- Work required
The data below should be retyped exactly, with the pictures left out.

- Material provided
+ + + + +

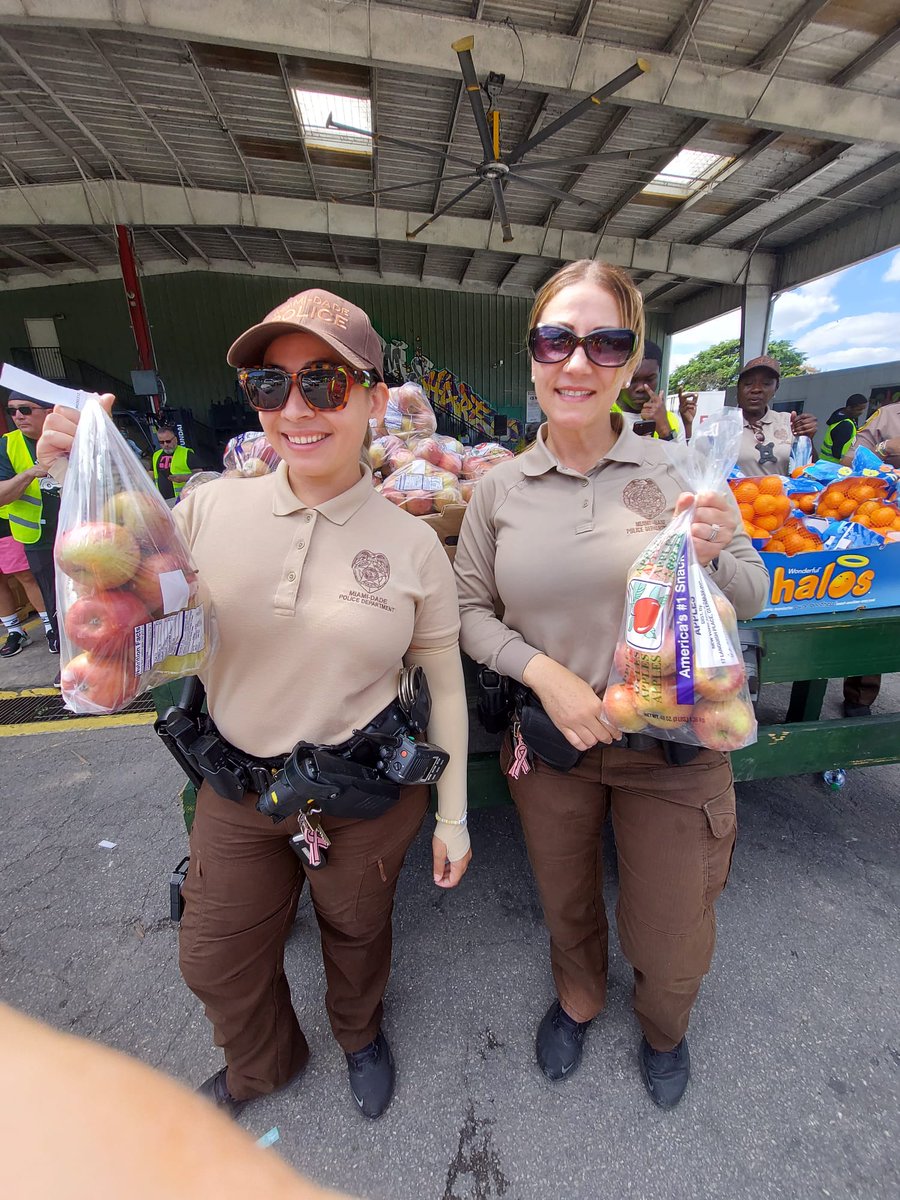 This past Saturday Farm Share partnered with @n4neighbors to help feed over 1,250 households! 🍎🍊 Our wonderful volunteers from @N4Neighbors, @T-Mobile, @MiamiDadePD, @CityofHomestead PD, @Homestead_ARB, @iamDJIvoryP, @iamDJH2 and @southpromo helped make this happen! 🎉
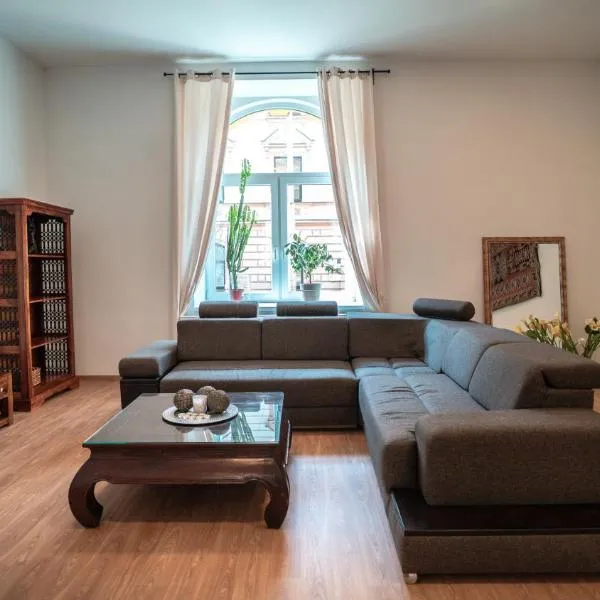 Peony Apartment, hotel i Kroměříž
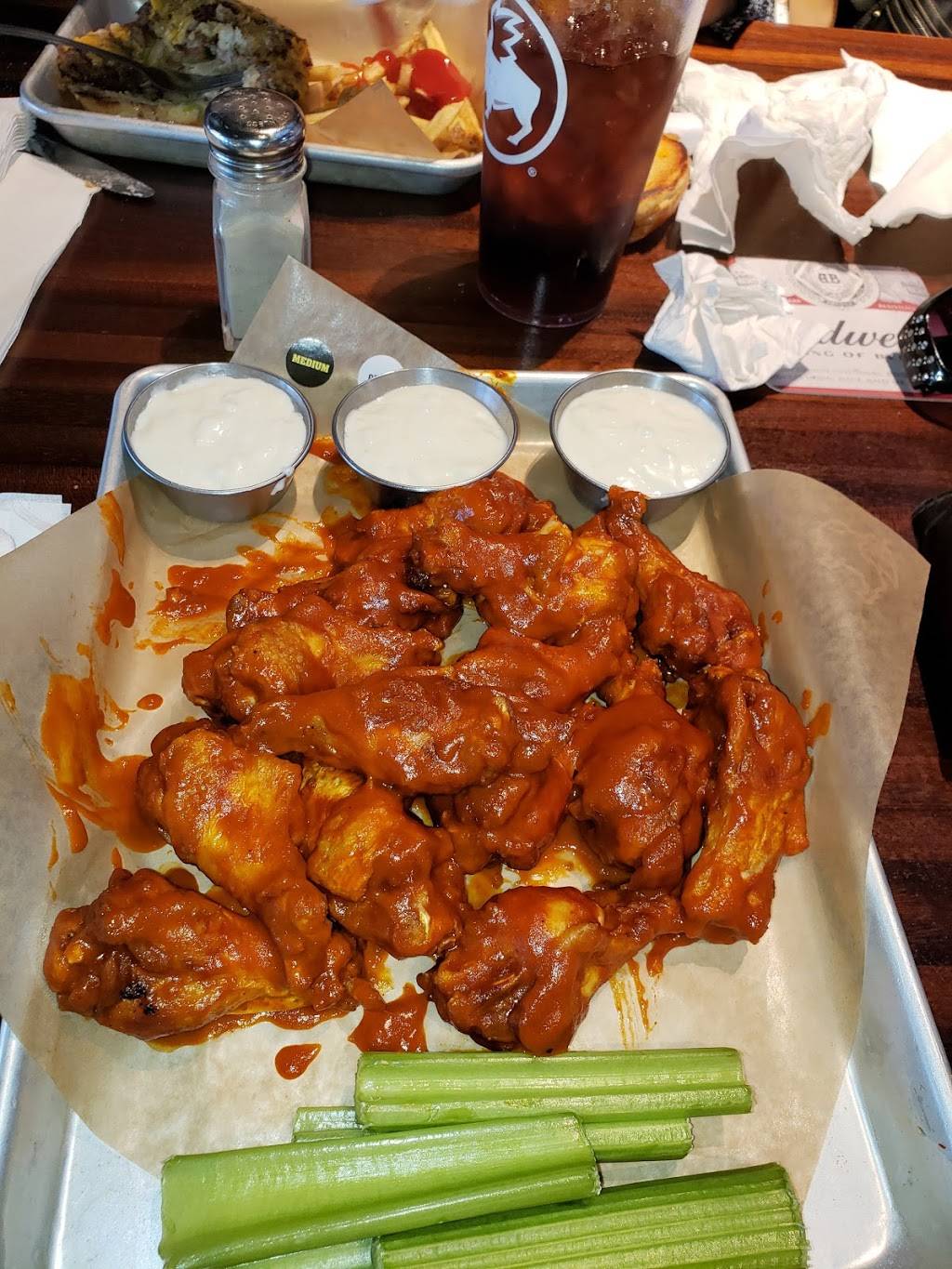 Buffalo Wild Wings | meal takeaway | 2545 Scottsville Rd, Bowling Green, KY 42104, USA | 2707469123 OR +1 270-746-9123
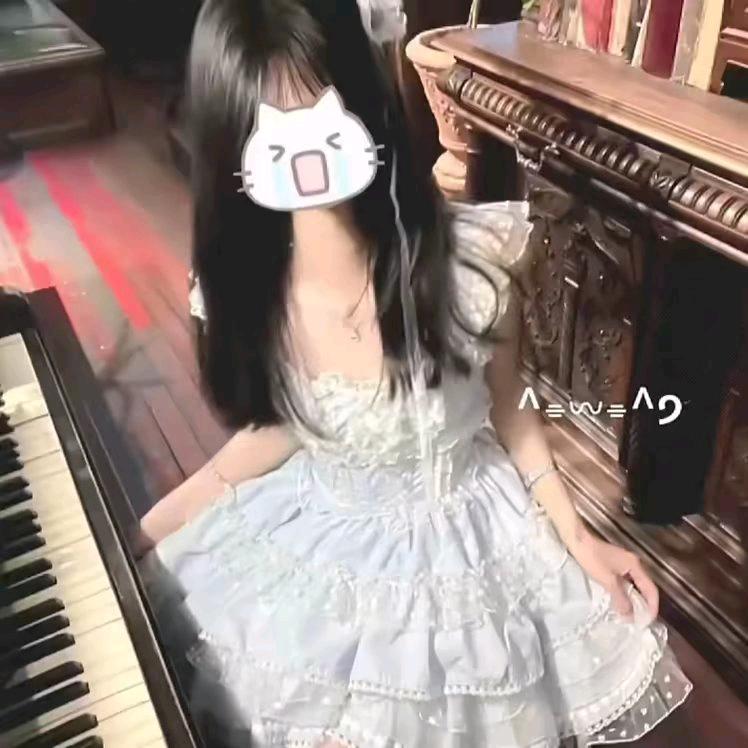 不爱吃咖喱的小懒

+ + + + +

- Your solution
 This past Saturday Farm Share partnered with @n4neighbors to help feed over 1,250 households! 🍎🍊 Our wonderful volunteers from @N4Neighbors, @T-Mobile, @MiamiDadePD, @CityofHomestead PD, @Homestead_ARB, @iamDJIvoryP, @iamDJH2 and @southpromo helped make this happen! 🎉
 Peony Apartment, hotel i Kroměříž
 Buffalo Wild Wings | meal takeaway | 2545 Scottsville Rd, Bowling Green, KY 42104, USA | 2707469123 OR +1 270-746-9123
 不爱吃咖喱的小懒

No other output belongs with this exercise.